* [Task description]: Go line by line through the records below. Copy whichever lines contain the string "tissue".

#### Data shown

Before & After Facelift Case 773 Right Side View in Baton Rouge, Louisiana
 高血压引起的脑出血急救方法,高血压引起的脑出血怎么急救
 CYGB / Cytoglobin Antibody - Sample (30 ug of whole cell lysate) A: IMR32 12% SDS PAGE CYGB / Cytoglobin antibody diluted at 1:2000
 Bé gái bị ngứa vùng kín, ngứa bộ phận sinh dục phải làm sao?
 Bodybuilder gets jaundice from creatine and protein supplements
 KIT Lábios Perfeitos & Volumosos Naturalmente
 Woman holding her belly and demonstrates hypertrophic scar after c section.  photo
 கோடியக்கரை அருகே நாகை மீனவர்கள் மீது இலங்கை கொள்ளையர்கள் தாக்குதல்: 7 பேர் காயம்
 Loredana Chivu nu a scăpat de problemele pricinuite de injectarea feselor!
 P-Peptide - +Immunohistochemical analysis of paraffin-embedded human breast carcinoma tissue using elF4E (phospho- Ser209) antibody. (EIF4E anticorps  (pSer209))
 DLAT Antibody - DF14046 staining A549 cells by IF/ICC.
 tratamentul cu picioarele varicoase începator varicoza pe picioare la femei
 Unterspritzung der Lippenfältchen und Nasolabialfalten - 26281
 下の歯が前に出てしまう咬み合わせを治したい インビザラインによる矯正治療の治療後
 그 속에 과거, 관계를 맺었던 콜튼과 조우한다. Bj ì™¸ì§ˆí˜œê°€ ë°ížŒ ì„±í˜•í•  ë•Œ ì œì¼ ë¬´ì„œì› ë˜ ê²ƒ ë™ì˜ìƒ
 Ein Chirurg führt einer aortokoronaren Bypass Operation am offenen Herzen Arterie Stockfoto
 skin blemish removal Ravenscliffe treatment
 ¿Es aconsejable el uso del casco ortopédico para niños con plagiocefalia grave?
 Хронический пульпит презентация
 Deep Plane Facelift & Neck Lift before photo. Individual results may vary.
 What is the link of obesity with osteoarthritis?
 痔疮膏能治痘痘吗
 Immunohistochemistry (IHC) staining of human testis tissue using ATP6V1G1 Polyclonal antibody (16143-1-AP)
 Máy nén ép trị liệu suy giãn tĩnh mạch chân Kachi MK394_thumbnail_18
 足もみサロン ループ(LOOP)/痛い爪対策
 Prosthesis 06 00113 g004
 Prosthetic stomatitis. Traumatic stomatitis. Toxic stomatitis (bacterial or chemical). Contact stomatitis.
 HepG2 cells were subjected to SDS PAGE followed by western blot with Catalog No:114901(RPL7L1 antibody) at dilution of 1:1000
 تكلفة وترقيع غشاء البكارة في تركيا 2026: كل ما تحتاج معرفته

########

* [Output for this task]:
 P-Peptide - +Immunohistochemical analysis of paraffin-embedded human breast carcinoma tissue using elF4E (phospho- Ser209) antibody. (EIF4E anticorps  (pSer209))
 Immunohistochemistry (IHC) staining of human testis tissue using ATP6V1G1 Polyclonal antibody (16143-1-AP)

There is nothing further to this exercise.